Folders output/barcode/mySample/, output/nanocorrect/mySample/, output/annotation/yourSample/ and output/ contain the output files.

The pipeline consists of 3 steps:

  1. barcode demultiplexing
  2. error correction using nanocorrect
  3. polishing using nanopolish
  4. annotation of the reads using the CARD datbase

Each step can be skipped using the relevant --skipXXX parameter. For example when only barcodes need to extracted --skipNanocorrect and --skipCARD can be used.

Step 1. demultiplexing of barcodes

When --skipDemux is not set (default), output/mySample.afterBC.p will be created which contains a pickeled pandas dataframe with the barcode score for each read. Relevant parameters are --match,--mismatch,--gapopen and --gapextend which can be used to adjust the score function of the barcode alignment.

When --skipDemuxCollect is not set (default): output/mySample.afterBC.fasta will be created based on the output/mySample.afterBC.p file. The reads in the output/mySample.afterBC.fasta are identified by the FASTA header >BC_{barcodeID}_{originalreadname} ie. >BC_39_nanporeEcoliGenomeReadHash-3a43-4j34.... Furthermore output/barcode/mySample/ will contain a FASTA file for each individual barcode, again with the barcode in the FASTA header. Reads on which barcodes could not be accurately determined given a --barcodeThreshold are placed in unknown.fasta.
--barcodeEdge is used to determine how far barcodes are searched in the read, increasing this value linearly scales with the run time of the step.
Note: when poreFUME already find data in output/barcode/mySample/ it will terminate, this can be overruled by passing the --overwriteDemux flag. This will remove all the existing data in output/barcode/mySample/.

Step 2. error correction of the demultiplexed reads using nanocorrect

When --skipNanocorrect is not set (default) poreFUME will invoke nanocorrect to error correct the demultiplexed reads. Since nanocorrect needs its own directory to run in when ran in parallel, it will create /output/nanocorrect/mySample/{barcodeID}/ directories. Inside DALIGNER and poa will be run as called by nanocorrect. --pathNanocorrect can be set to point to the nanopore package.
Note: when poreFUME already find data in output/nanocorrect/mySample/ it will terminate, this can be overruled by passing the --overwriteNanocorrect flag. This will remove all the existing data in output/nanocorrect/mySample/.
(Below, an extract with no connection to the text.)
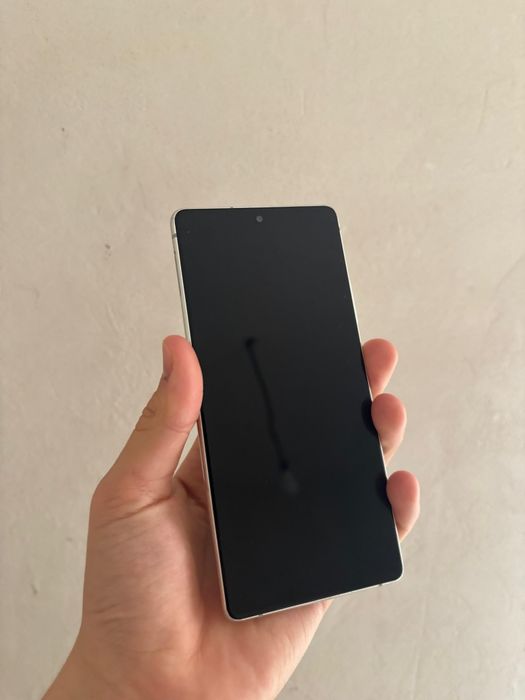 В продаже телефон Samsung s 10 lite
Step 3. polishing of the nanocorrected data using nanopolish

When --skipNanopolish is not set (default) poreFUME will invoke nanopolish to polish the nanocorrected data. Nanopolish will be run in an own directory , it will create /output/nanopolish/mySample/{barcodeID}/ directories. --pathRawreads is required, and should point to the directory containing the .fast5 files.
Note: when poreFUME already find data in output/nanopolish/mySample/ it will terminate, this can be overruled by passing the --overwriteNanopolish flag. This will remove all the existing data in output/nanopolish/mySample/.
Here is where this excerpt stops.